_Data extract_
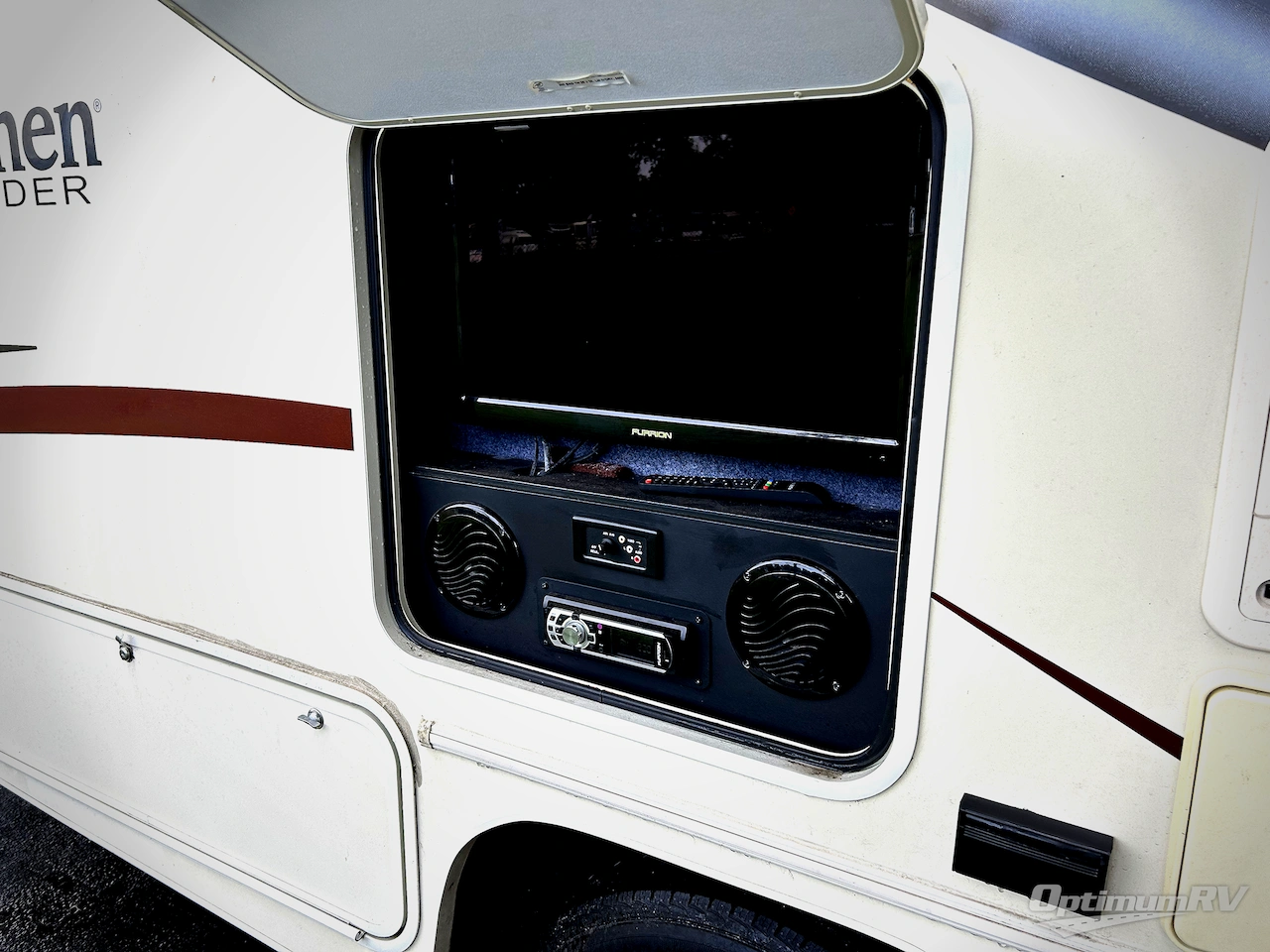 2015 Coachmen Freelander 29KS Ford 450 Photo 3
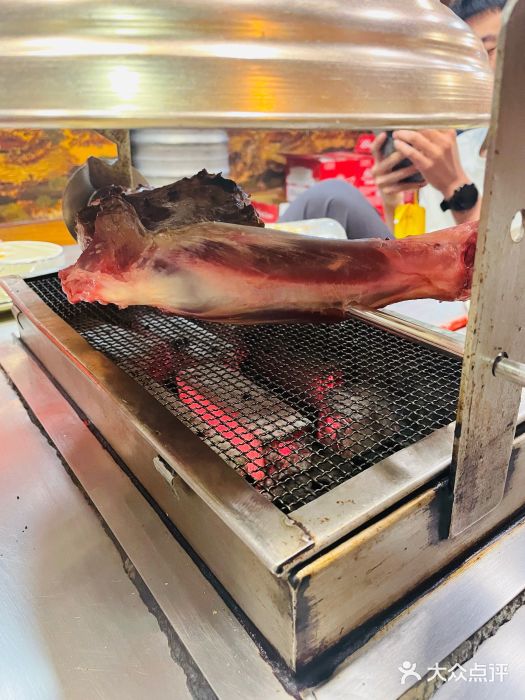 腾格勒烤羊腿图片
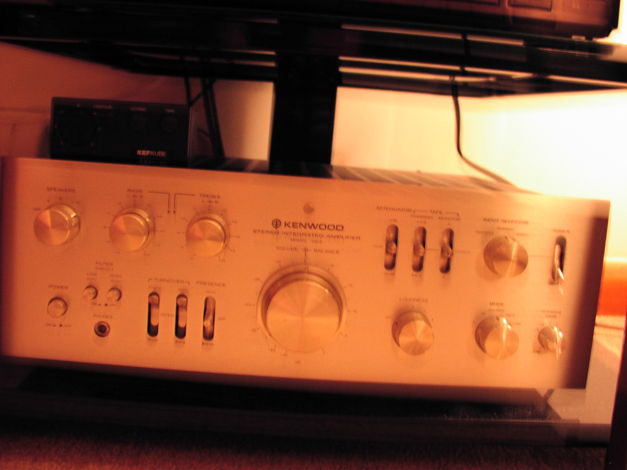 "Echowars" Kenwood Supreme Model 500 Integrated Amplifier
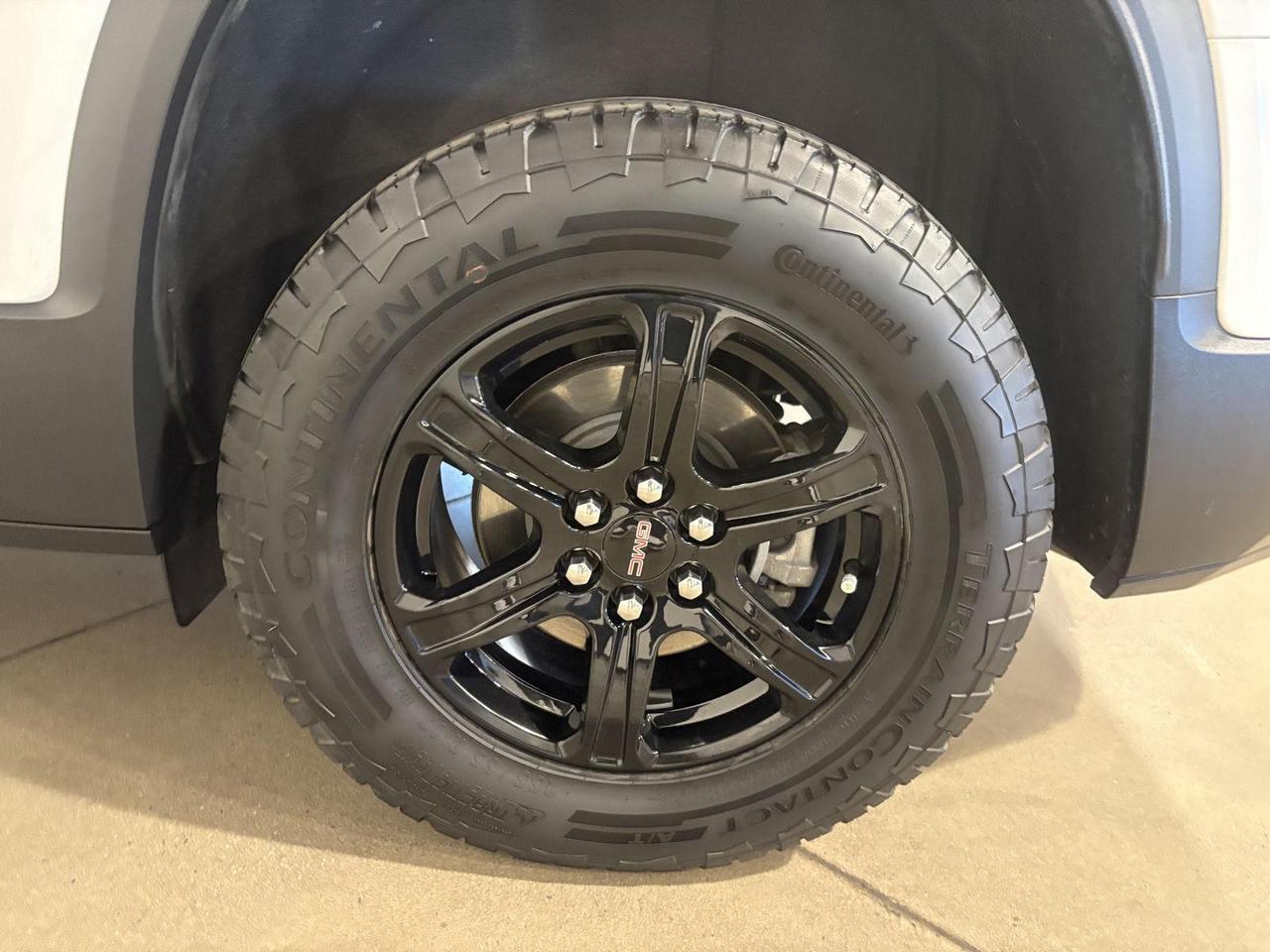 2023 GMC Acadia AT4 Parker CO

_Problem_
Write out exactly the lines running from the one with "500 Integrated Amplifier" through the end of the material, both ends included, while leaving the pictures out.

_Solution below_
 "Echowars" Kenwood Supreme Model 500 Integrated Amplifier
 2023 GMC Acadia AT4 Parker CO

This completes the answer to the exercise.